With the growing number of users along with ever-increasing demand for higher data rates and better quality of service in modern wireless networks, interference has become the major barrier against efficient utilization of limited resources. On the other hand, opportunities for cooperation among radios also increase with the growing number of users, which potentially lead to better interference management. In traditional wireless system design, however, such opportunities are usually neglected and only basic interference management schemes are employed, mainly due to lack of fundamental understanding of interference and cooperation.
In this dissertation, we study the fundamental aspects of cooperative interference management through the lens of network information theory. In the first and the second part, we characterize both qualitatively and quantitatively how limited cooperation between transmitting or receiving terminals helps mitigate interference in a canonical two-transmitter-two-receiver wireless system. We identify two regions regarding the gain from limited cooperation: linear and saturation regions. In the linear region cooperation is efficient and provides a degrees-of-freedom gain, which is either one cooperation bit buys one bit over the air or two cooperation bits buy one bit over the air until saturation. In the saturation region cooperation is inefficient and only provides a bounded power gain. The conclusions are drawn from the approximate characterization of the capacity regions.

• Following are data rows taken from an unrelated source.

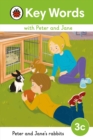 Image for Key Words with Peter and Jane Level 3c – Peter and Jane&#39;s Rabbits
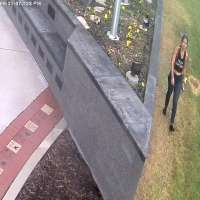 Layton police investigate vandalism of Vietnam Memorial Wall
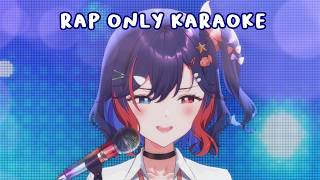guerilla RAP ONLY karaoke!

In the third part, we investigate how intermediate relay nodes help resolve interference in delivering information from two sources to their respective destinations in multi-hop wireless networks. We focus on a linear deterministic approximate model for wireless networks, and when the minimum cut value between each source-destination pair is constrained to be 1, we completely characterize the capacity region. One of the interesting findings is that, at most four nodes need to take special coding operations so that interference can be canceled over-the-air or within-a-node, while other nodes can take oblivious operations. We also develop a systematic approach to identify these special nodes.